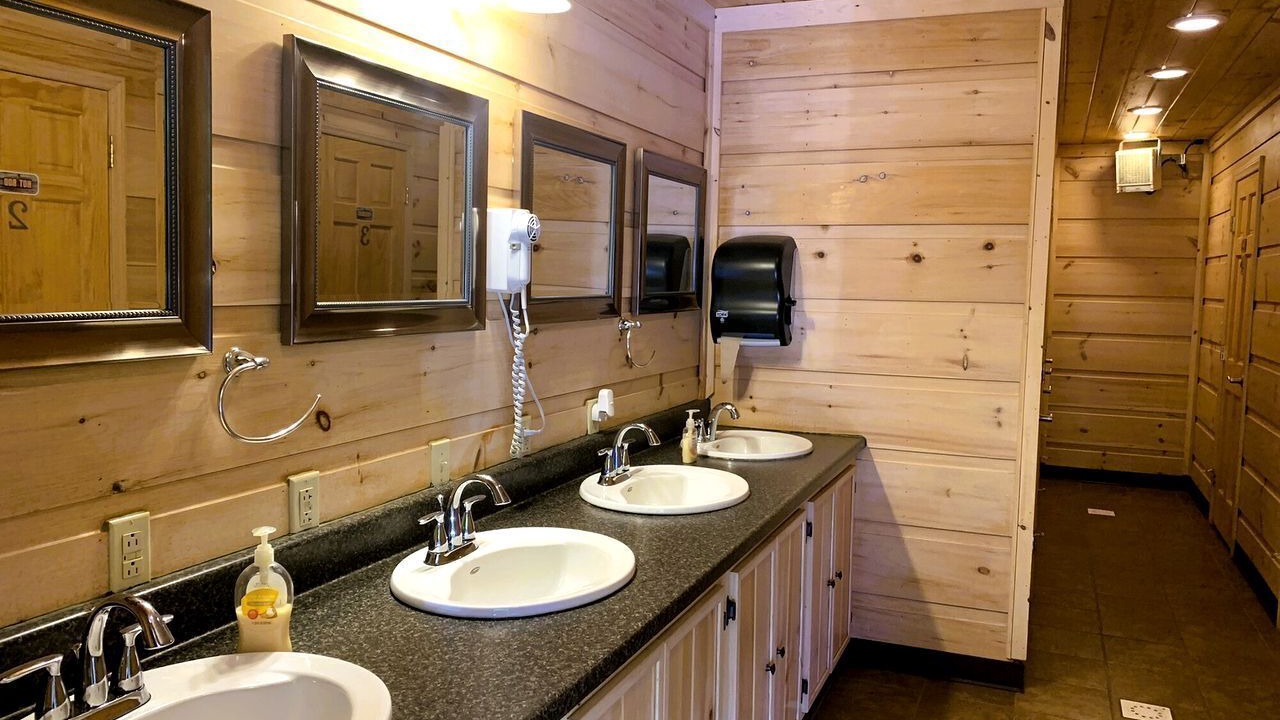 Photo of Bathroom in Mingo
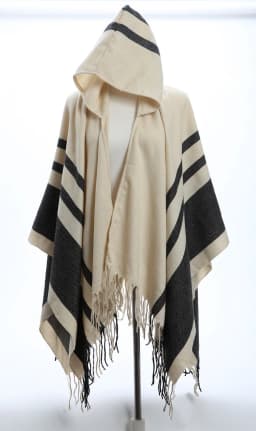 Women Cloak Hooded Sweaters Knit Batwing Top Poncho With Hood Cape Coat Tassel Sweater Outwear Leasure Style Clothes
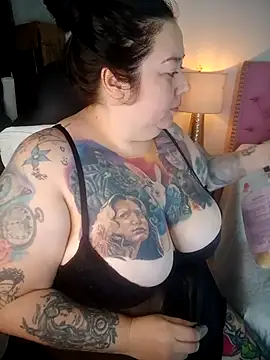 Snapshot of kai_cenat chatting on 11-20-25, 11:32 kai cenat online show from 11-20-25, 11:32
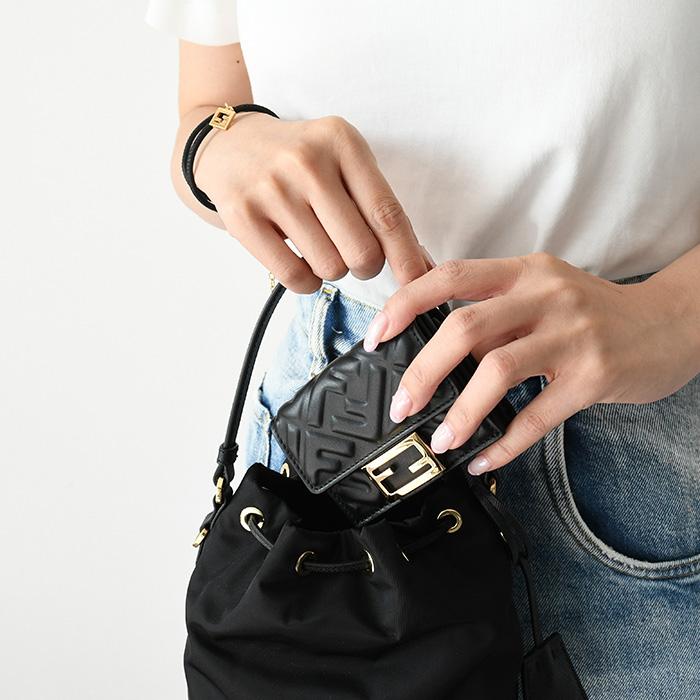 FENDI（フェンディ） 【開運5％OFFクーポン】FENDI 三つ折り財布 財布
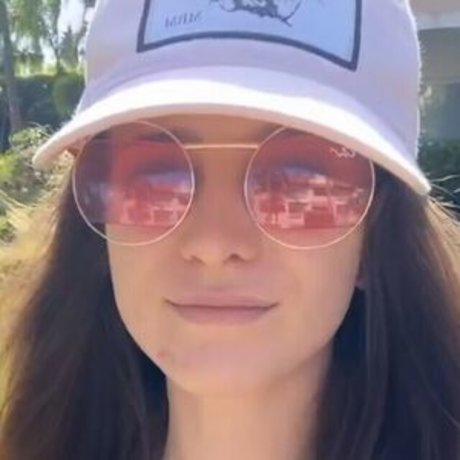 Olcziksa jolie étoile galeries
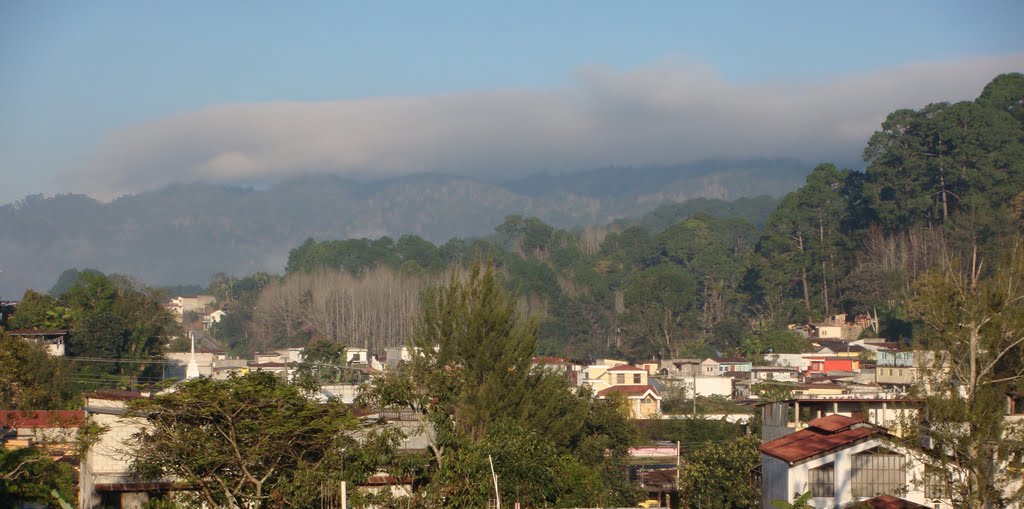 Coban Vista desde Hotel Los Faroles 2012 by coatevision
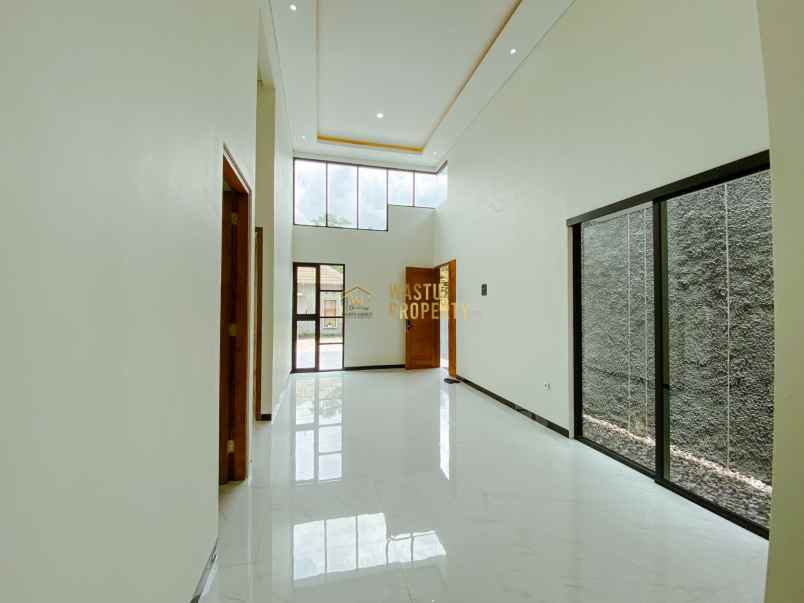 dijual rumah jalan besi jangkang sleman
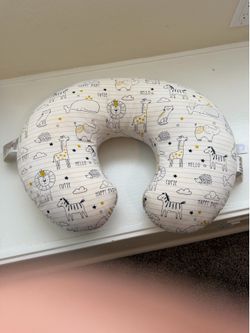 Baby nursing pillow
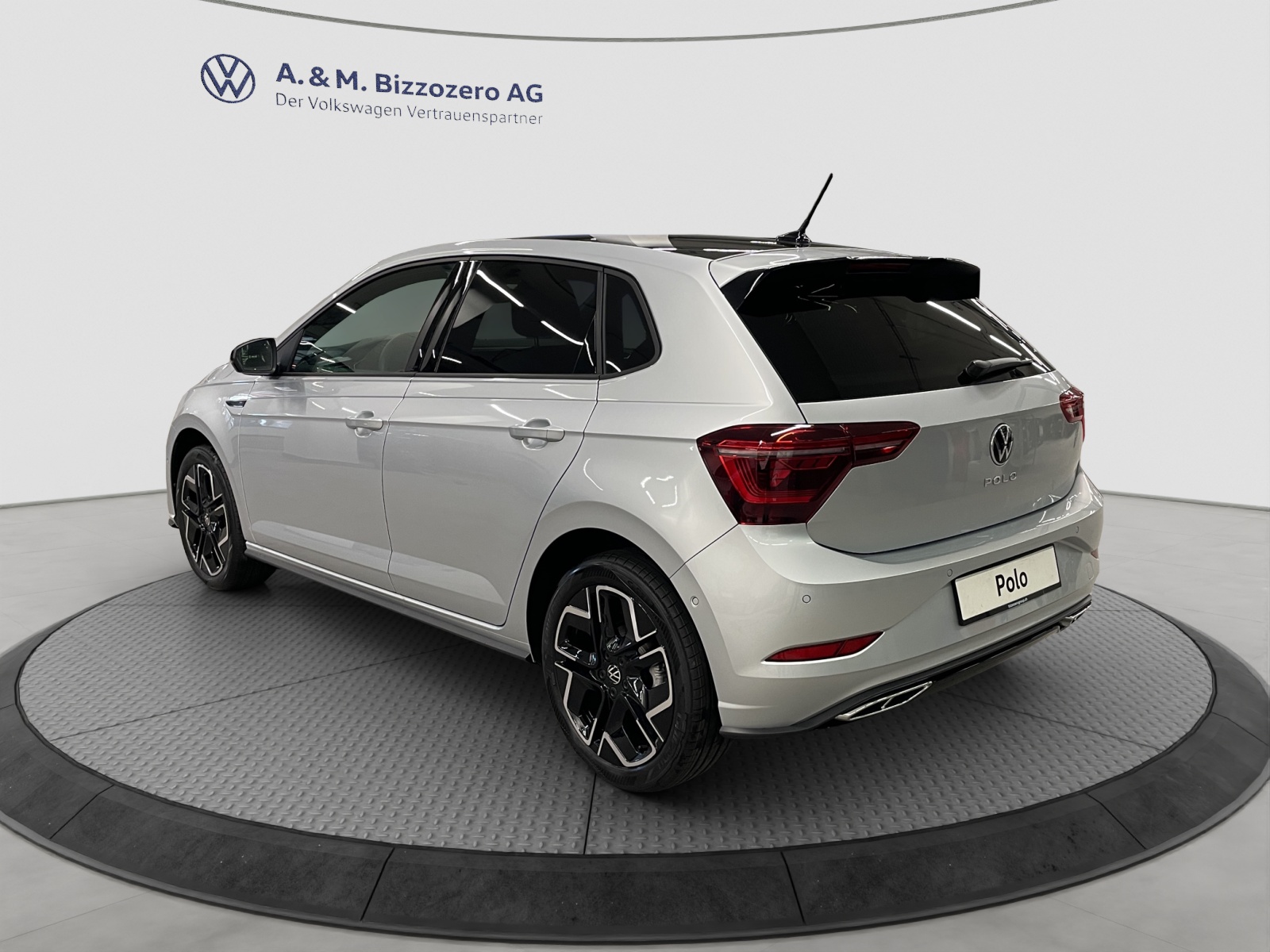 VW Polo 1.0 TSI R-Line United DSG-image-2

_WORK TASK_: Pictures stay out. Write out everything else in the material exactly.

_ANSWER FOR THE TASK_:
 Photo of Bathroom in Mingo
 Women Cloak Hooded Sweaters Knit Batwing Top Poncho With Hood Cape Coat Tassel Sweater Outwear Leasure Style Clothes
 Snapshot of kai_cenat chatting on 11-20-25, 11:32 kai cenat online show from 11-20-25, 11:32
 FENDI（フェンディ） 【開運5％OFFクーポン】FENDI 三つ折り財布 財布
 Olcziksa jolie étoile galeries
 Coban Vista desde Hotel Los Faroles 2012 by coatevision
 dijual rumah jalan besi jangkang sleman
 Baby nursing pillow
 VW Polo 1.0 TSI R-Line United DSG-image-2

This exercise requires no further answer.